LUNTURNYA IDENTITAS INTELEKTUAL MAHASISWA
Oleh : Agus Hariyanto (Ketua Umum HMI Cabang Pacitan 2007/2008)

Sebuah pertanyaan untuk mengawali tulisan ini, masih pantaskah mahasiswa menyandang identitas kaum intelektual? Anda semua yang bisa menjawabnya secara obyektif, karena kepada andalah pertanyaan itu ditujukan.

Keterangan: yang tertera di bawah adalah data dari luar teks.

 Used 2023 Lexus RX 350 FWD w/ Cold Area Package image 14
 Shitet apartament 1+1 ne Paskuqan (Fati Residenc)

Realitas sosial dan kebudayaan sekarang ini memamerkan otoritas kehidupan materialistis sebagai bentuk expansi budaya konsumerisme globalisasi. Tatanan nilai orisinalitas budaya nenek moyang dan nilai – nilai agama kian hari kian luntur tergerus budaya barat yang menawarkan glamourisme serta ideology pragmatis yang cenderung instan. Expansi westernisasi budaya ini bukan hanya mempengaruhi wacana dogmatis saja tetapi lebih dalam lagi masuk kedalam cara pandang dan nurani keagamaan kmunitas.
Hegemoni globalisasi yang begitu kuat membuat hampir semua perilaku dan cara berpikir yang materialistic dimana semuanya seakan ditentukan oleh kapital. Agama yang seharusnya menjadi benteng kokoh untuk menyaring pengaruh seakan tak mampu lagi menunjukkan kekuatan filterisasinya. Budaya barat yang dipertontonkan dan didengungkan setiap saat melalui media massa begitu kuat mencengkeram pikiran – pikiran bawah sadar kita. Hal ini semakin jelas dampaknya ketika perilaku kebudayaan kita sudah meniru apa yang kita lihat dan sudah merasuki akal sehat kita.
Fenomena globalisasi yang mengusung kebudayaan barat ini telah menjadi mainstream dan membentuk sub – sub budaya baru. Globalisasi telah mendorong pembentukan definisi baru tentang berbagai praktek kehidupan yang membuat semangat identitas kebudayaan dimasyarakat menjadi kabur atau bahkan hilang. Secara tidak langsung kita dihadapkan pada sikap vis a vis terhadap globalisasi, bagaimana tidak globalisasi seakan tak terbendung lagi dalam melunturkan kultur – kultur lokal. Lantas bagaimana kita harus menghadapi kondisi sepeti ini?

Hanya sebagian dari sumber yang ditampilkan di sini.